Playerunknown’s Battlegrounds is the most-played game on Steam that isn’t from Valve Software (which owns the Steam service). It’s at 60,500 simultaneous players and growing, according to the Steam Stats site, putting it ahead of perennial favorites like Rocket League and Grand Theft Auto V. And it has made $11 million on Steam in its first three days after launching into Early Access on March 23, according to Bluehole More important, it is also ahead of publisher Daybreak’s H1Z1: King of the Kill, which was the previous top non-Valve game on Steam as well as the champion of the battle royale genre.
In Playerunknown’s Battlegrounds (as well as King of the Kill, Ark: Survival of the Fittest, and even The Division’s Survival mode), a couple dozen players enter an open-world arena all at the same time. Everyone must then scrounge for resources and weapons to take on each other in combat. The last person standing wins. This is a genre that has grown in popularity over the last couple of years, but in recent months H1Z1’s surge in popularity has made turned it into the dominant style of game on PC.
“Since our announcement about hitting $11 million in revenue after the first three days, we’ve continued to maintain our No. 1 spot on steam, which is enormous validation for our team’s hard work,” Bluehole creative director Brendan Greene explained in a note to GamesBeat. “Our focus remains ensuring that the game runs smoothly and we are addressing any concerns from the community.”

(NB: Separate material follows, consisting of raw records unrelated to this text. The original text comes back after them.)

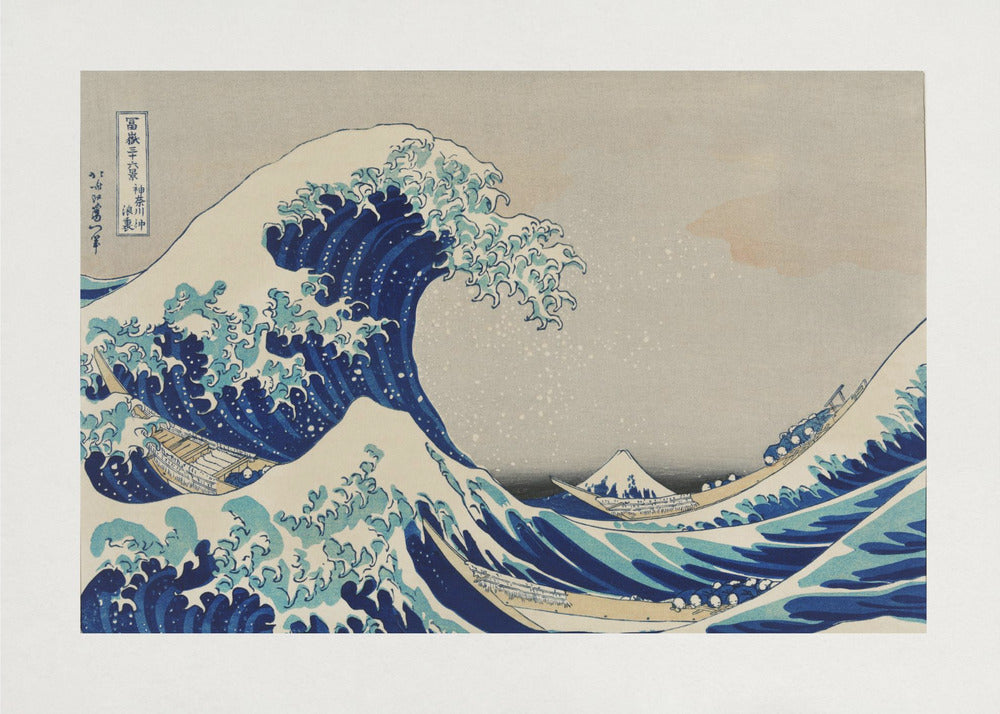 The Great Wave off Kanagawa by Hokusai, a framed Japanese woodblock print depicting a giant, menacing blue and white wave cresting over three boats, with a small Mount Fuji visible in the background under a muted, overcast sky. Artwork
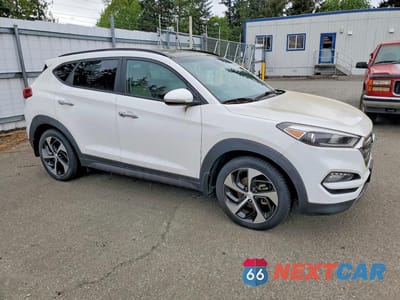 Czwarte zdjęcie samochodu z boku: 2016 HYUNDAI TUCSON LIMITED VIN:KM8J3CA27GU098200 - miniatura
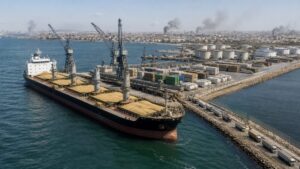 Cargo vessel and humanitarian supply corridor carrying food, agricultural inputs and fuel during conflict disruption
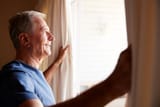 smiling-senior-white-man-opening-the-curtains-on-a-sunny-morning-side-view-close-up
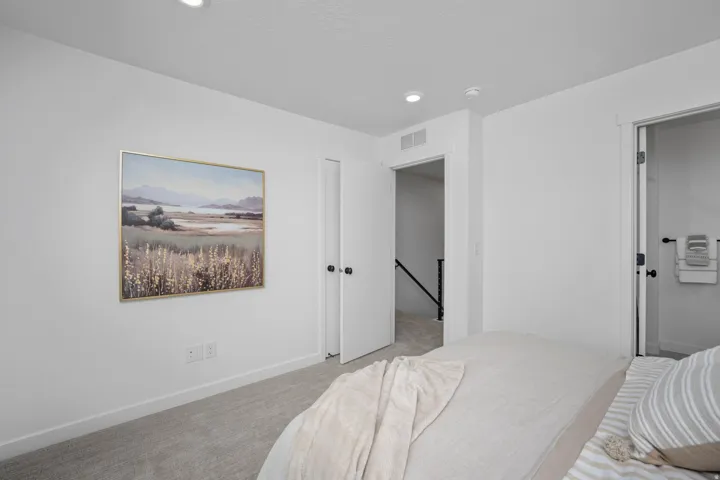 Bright interior room featuring light gray carpet, white painted walls, and recessed lighting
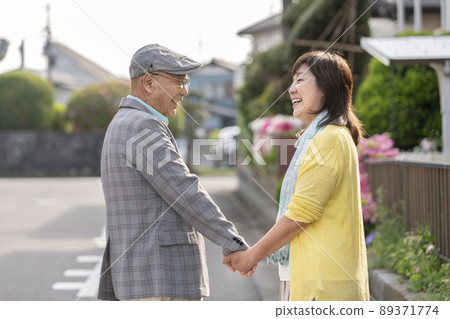 老夫婦手牽手,面帶微笑地凝視著對方 老夫婦手牽手,面帶微笑地凝視著對方 89371774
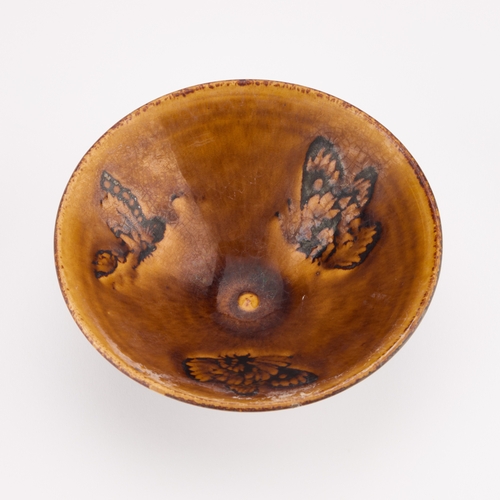 115 - A CHINESE STONEWARE 'BUTTERFLY' BOWL conical, the interior glazed with three butterflies. 15.5cm dia... 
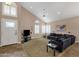 Cozy living room with carpet, a plush sectional sofa, neutral paint, and lots of natural light from shuttered windows at 12125 N 91St Way, Scottsdale, AZ 85260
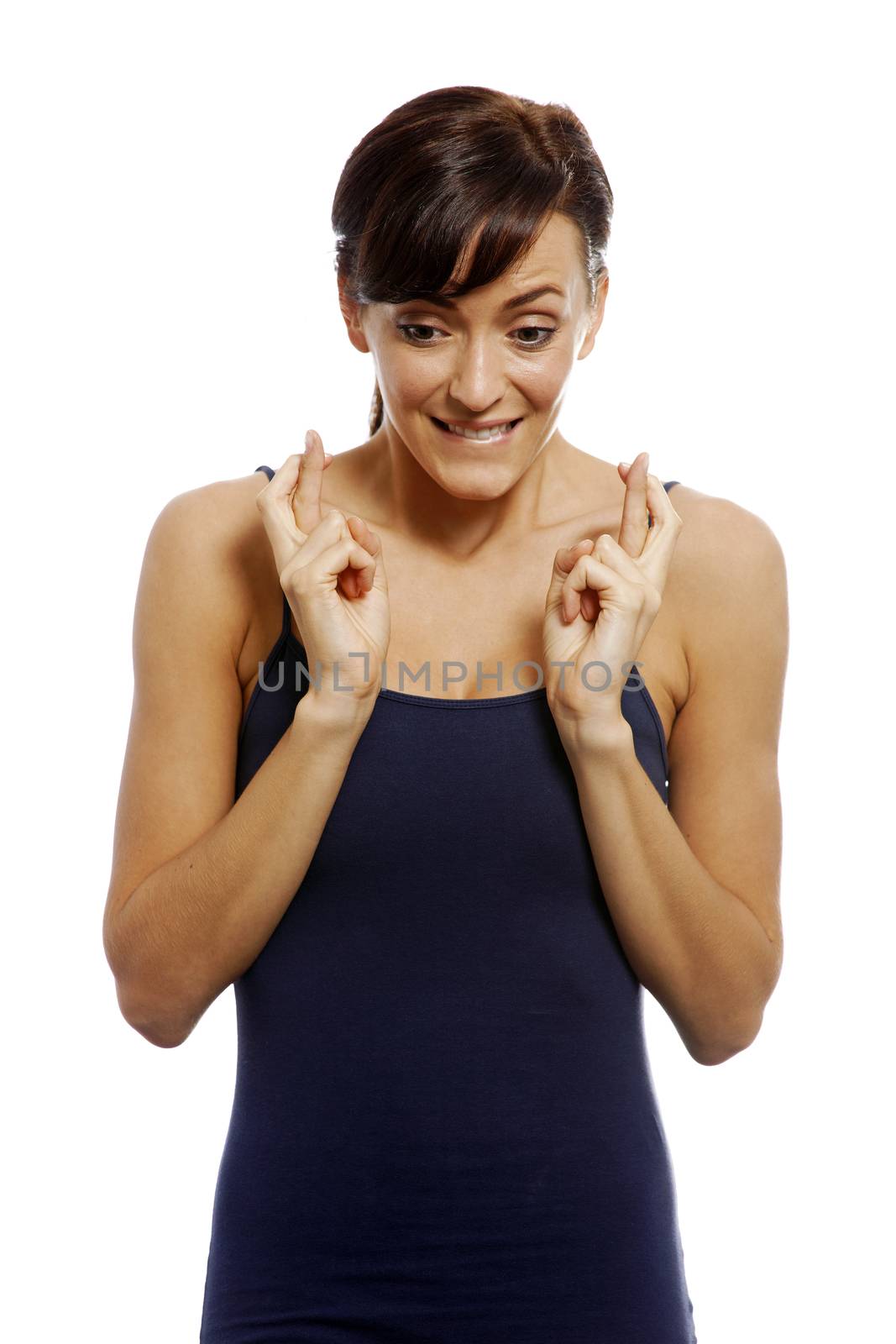 Young woman with crossed fingers looking hopeful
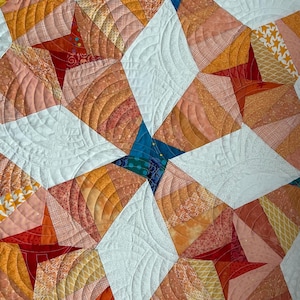 Op de afbeelding: Close-up van een kleurrijke quilt met een sterrenpatroon. De quilt heeft een mix van oranje, perzik, rood, wit en blauwgroene stoffen. Het ontwerp bevat gebogen lijnen en geometrische vormen, wat een textuur en visueel aantrekkelijk textiel creëert.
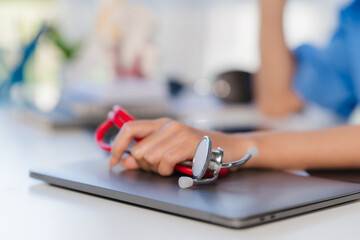 Fototapeta premium Doctor's Hands Holding Stethoscope on Laptop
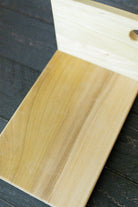 Five Oaks Farm maple vertical cutting board with a smooth, polished surface and natural wood grain finish.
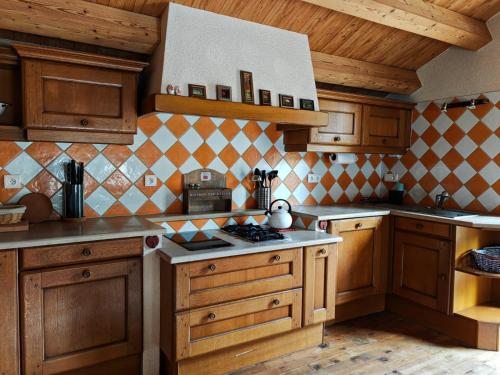 a kitchen with wooden cabinets and a stove top oven at Beauregard Jura - Countryside Estate Stays Near Geneva in Gex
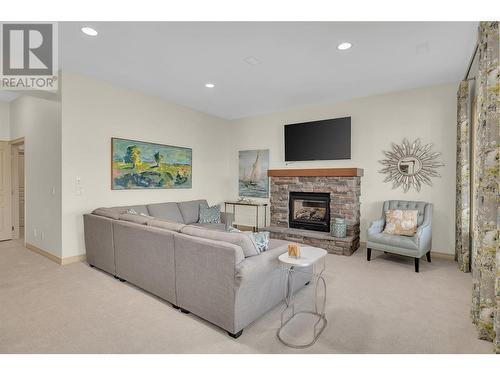 2037 Capistrano Drive, Kelowna, BC - Indoor Photo Showing Living Room With Fireplace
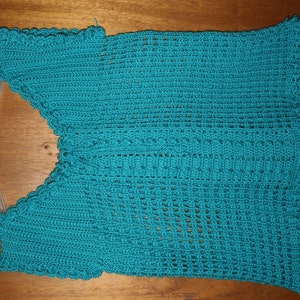 May include: Teal crochet top with a scalloped neckline and sleeves. The top is made with a delicate open stitch pattern.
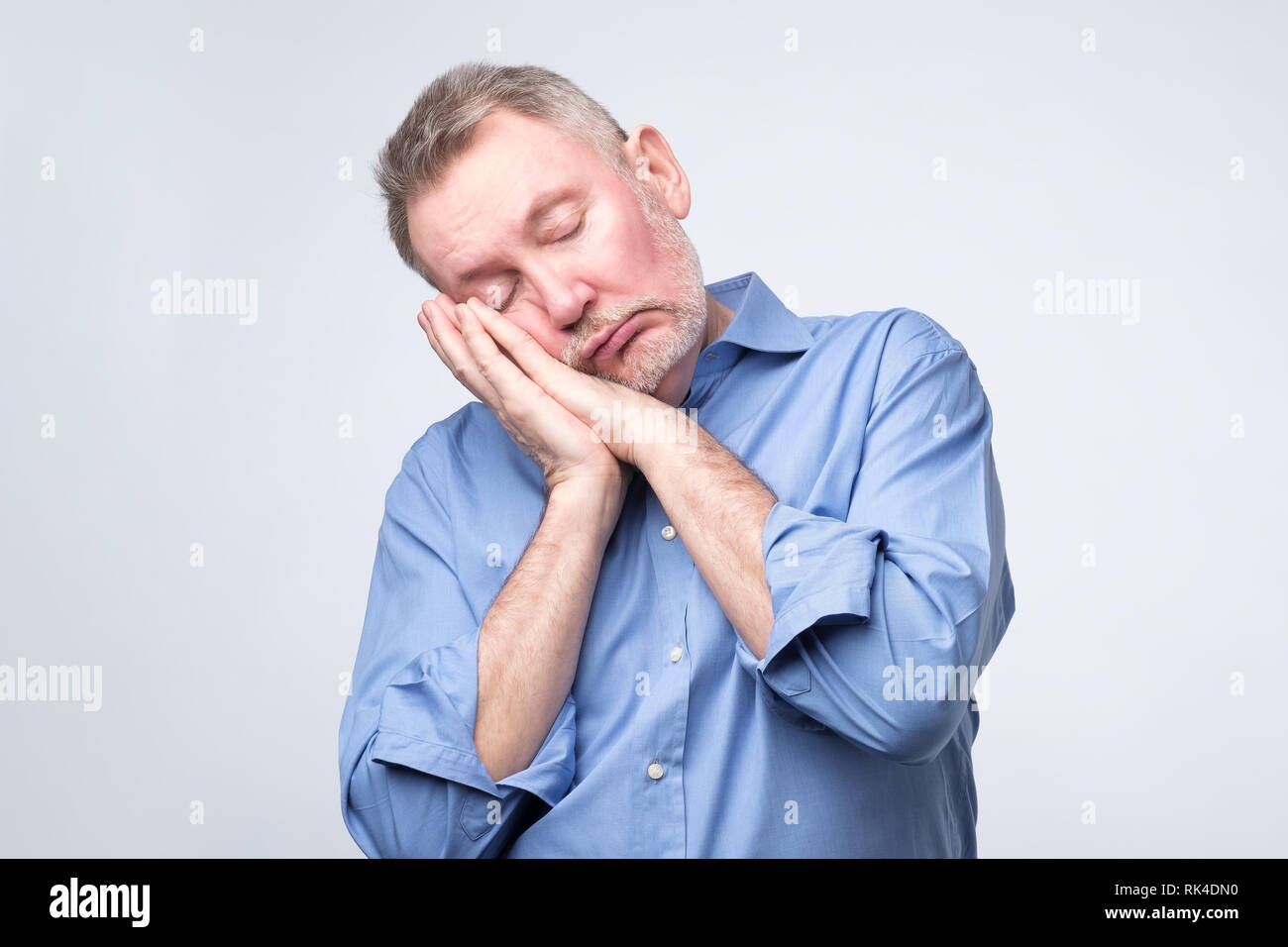 European man in blue shirt being tired sleeping on hands. Stock Photo
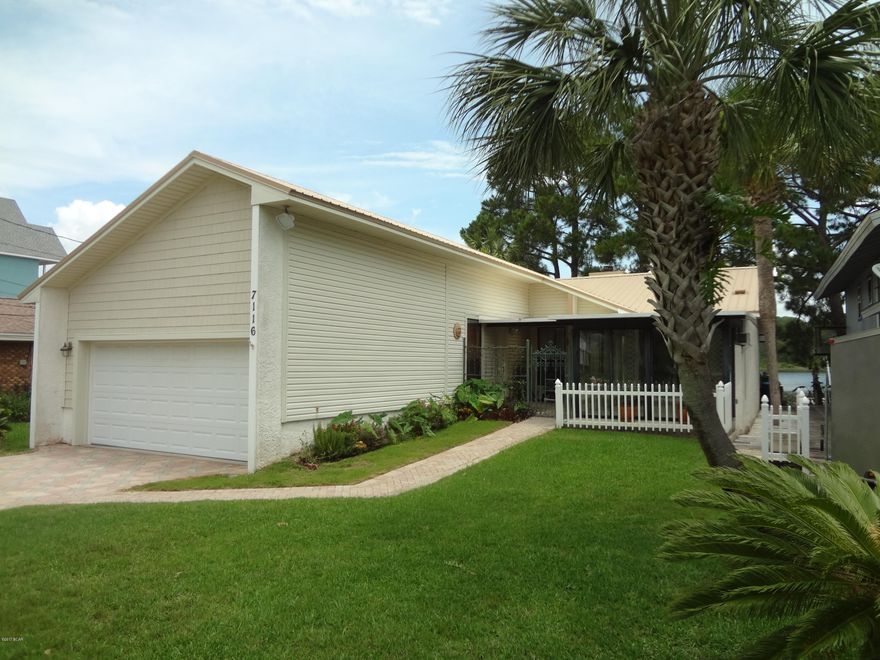 Beach home located directly on the waters of Grand Lagoon. Enjoy living near the beach with all the South Lagoon area has to offer. Boat to the Gulf in minutes. Beautiful views of the Lagoon with easy Bay and Gulf access from your own boathouse. Home has been kept up very well and offers, a metal roof installed Oct 2013, new Hickory hardwood flooring, remodeled master bath with all stone shower and flooring, three bedroom, large living area, sun room, breakfast room, garage and sprinkler system for your landscaping.  Please call for your private viewing.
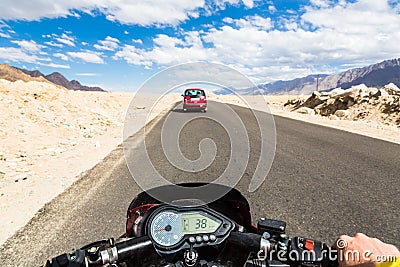 Biker driving a motorcycle in Ladakh in In Stock Photo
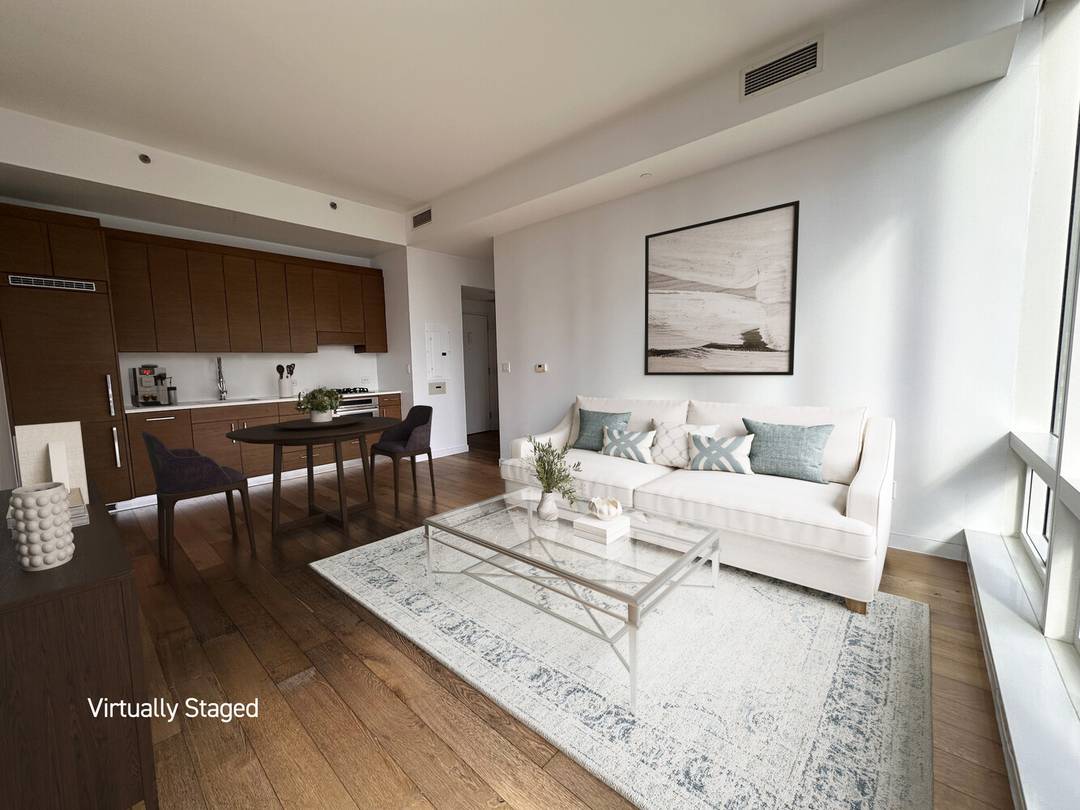 Perched on the 21st floor, this elegant one bedroom condominium offers stunning eastern and southern exposures providing breathtaking views of the New York City skyline through floor to ceiling windows ...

Bluehole can credit much of its success to a “right place, right time” scenario. King of the Kill is popular, but it is also buggy. Many people who love the crazy things that can happen in the H1Z1 spinoff also have deep criticisms of how broken it is. So Battlegrounds has stepped in and captured an audience that wants this type of game without some of the drawbacks in Daybreak’s take on the model.
But Playerunknown’s Success also comes from a hunger for this kind of content on the livestreaming video site Twitch. King of the Kill has skyrocketed in popularity on that platform, and Bluehole’s game has stepped in to capture a lot of that audience. More than 150,000 people were simultaneously watching broadcasts featuring Playerunknown’s Battlegrounds.
And the combination of timing and Twitch viewership has worked. Now, the question is whether Bluehole can maintain this momentum or if another game or even another genre will come and replace it in the near future.